The Tower of Death cma-2

Home > Science > The Tower of Death cma-2 > Page 14
The Tower of Death cma-2 Page 14

by Andrew J Offutt

“Nothing!” the flame-haired giant said explosively. “We saw nothing! No sign of wrecked ships, not even a plank. And no slain men, sucked dry or otherwise.”

  Cormac made a sympathetic face and gave his head a jerk. “Will ye be ready to-morrow evening?”

  “Aye,” Wulfhere nodded. “To-morrow e’en. And… I’ll not be sleeping in our chamber this night, again.

  “My chamber,” Cormac corrected. “Not a married lady, I hope.”

  “Frey’s stones, No! Neither of them!”

  As they were finishing dinner, Zarabdas quietly let Cormac know that he would have converse. The Gael was none loath and they went outside for a walk about the grounds of the king’s hall. The sky was still a deep slate colour, rather than black. They talked, but nothing was said.

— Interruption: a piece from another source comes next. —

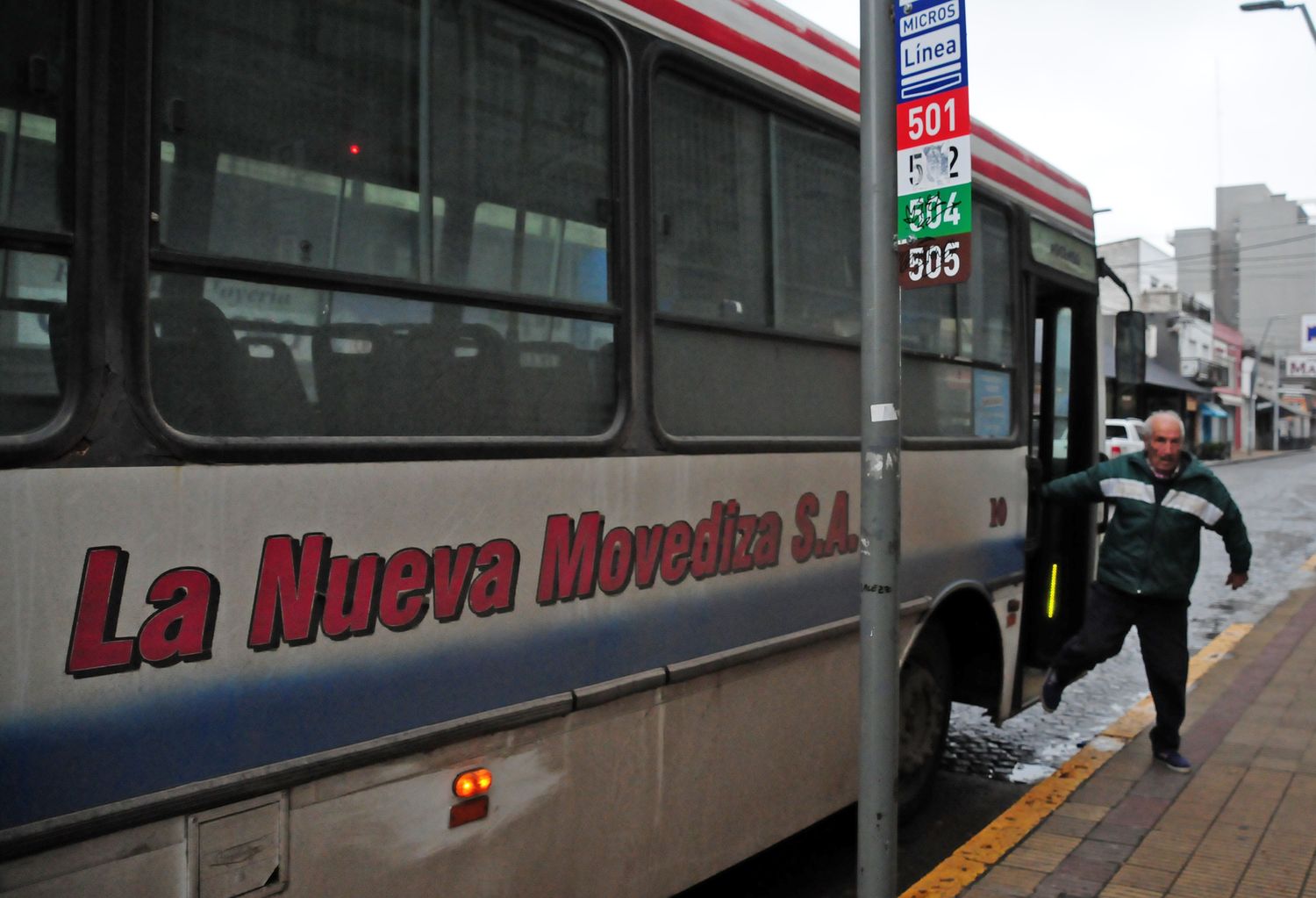 Mientras buscan una salida a la crisis del transporte, el Ejecutivo amplió beneficios a pasajeros frecuentes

  “Was you suggested a talk,” Cormac said at last, “but we talk not. It’s but tentatively feinting each of us is, and almost desperately parrying. Methinks is because neither of us really wishes to tell the other aught of his knowledge and arcane powers.” Of which I have none, Cormac added, but only in his own mind.

  “Straightforward words. And true. Might one ask how came ye by the medallion ye showed us?”

  Cormac but smiled, very slightly. He could be seen; it was answer enow.

  “Well then… might I see it again, now we are sure we serve the same king?”

  Cormac paused, turned to the other man, and stared.

  Zarabdas at last frowned. “Ye seem to have suffered a seizure of the tongue, mac Art.”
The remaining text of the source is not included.